News / Vancouver

Vancouver seeks fix to boaters dumping sewage in False Creek

If approved, the city would revamp bylaws and set up a pilot project providing boaters with a mobile pump-out service in False Creek.

A water taxi passes by a marina and downtown condos while traveling on False Creek in Vancouver, B.C., on Wednesday February 11, 2015.

THE CANADIAN PRESS/Darryl Dyck

A water taxi passes by a marina and downtown condos while traveling on False Creek in Vancouver, B.C., on Wednesday February 11, 2015.

If False Creek boaters won’t go to the pumping station to get rid of their sewage, the City of Vancouver wants to bring the pumping station to them.

City staff are presenting to council on Tuesday a proposal for a pilot project that would see a mobile pump-out service make the rounds at local marinas and moored vessels to make sure they’re not dumping their waste into open waters.

The proposal, along with new bylaw amendments and enforcement measures, comes after years of concern about the amount of E. coli in the water at False Creek and its neighbouring beaches, especially in the heat of summer.

“It’s basically a boat with a very large tank in it that would travel around the marinas and the moored boats and would pump directly into that storage tank,” said Jennifer Mayberry, the city’s manager of environmental services. “Boats then don’t need to dock at a pumping station or need to go through that. The pump-out comes to them.”

Mayberry said there currently isn’t a mobile pump-out service in Vancouver.

One company tried several years ago but “not with much success,” she said, while municipalities in Washington State fund their own mobile services.

“It’s something that seems quite common south of the border,” said Mayberry.

If approved, the mobile service and an audit to determine which boats are dumping raw sewage in the creek would cost approximately $75,000.

The mobile pump-out service would run until September.

The city has worried about E. coli contamination in local waters for years, but only last year were able to narrow down boaters as the main source of the problem.

“Was it boats? Was it cross-connections from sewers? Urban run-offs from farming?
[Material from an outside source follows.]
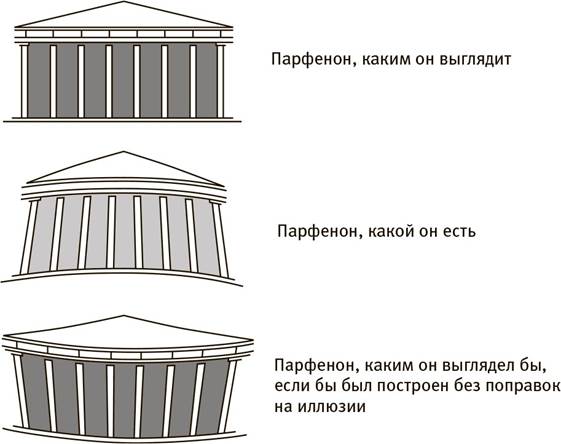 Что говорит нам о мире здоровый мозг - student2.ru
Dog waste?” asked Mayberry.

The city’s engineering department undertook a mayor revamp of sewer cross connections in 2015 and Mayberry said sewer overflows don’t typically occur in the summer.

A University of British Columbia researcher, along with the results of a city audit of local marinas and boats, confirmed the vessels are largely to blame.
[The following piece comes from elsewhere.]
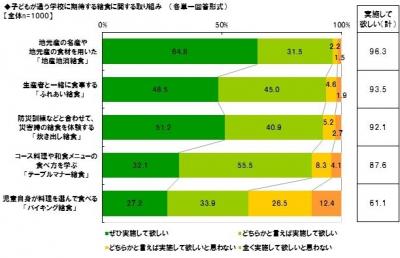 学校給食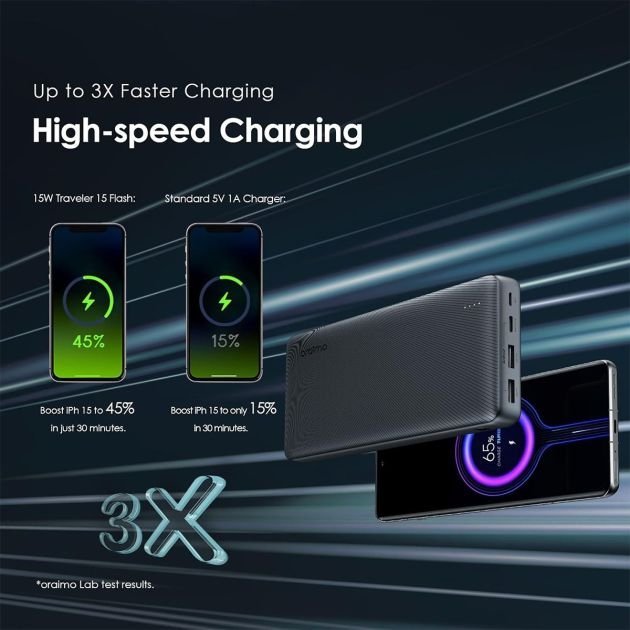 powerbank---oraimo-traveler-15-opb-p1201p---20000mah---charge-de-15-watts---type-c-bidirectionnel---torche-intégrée---garantie-3-mois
The city report also notes that – because of Vancouver’s unaffordability crisis – more people that even are living on boats.

“All signs seem to point at boats, whether they’re at open moorage or at marinas,” said Mayberry. “Obviously the intent of this report is to improve sewer management options and the culture around that, as well as our enforcement of the new proposed bylaws.”

Currently, existing marinas are not required to have pump-out stations on site while new ones do.

The city wants to change its bylaws to make those services a condition of business license renewals going forward.

Boaters find the services currently available inadequate and not worth the hassle, said Mayberry.

“We did a boater survey in March and the feedback that we got is that the existing facilities are inadequate, whether it’s the number of them available or accessibility,” said Mayberry. “It seems that people for the most part are aware they’re not supposed to be discharging, it’s just a matter of it not being easy to do and it’s known there is no enforcement of existing regulations.”

Swimming in False Creek is not permitted but it is used extensively for recreation like paddling.

When E. coli levels get too high (200 E. coli/100ml for primary recreational uses like swimming and 1,000 for secondary uses) as stipulated by Health Canada, the city must implement swimming closures and advise users to take extra precautions on the water.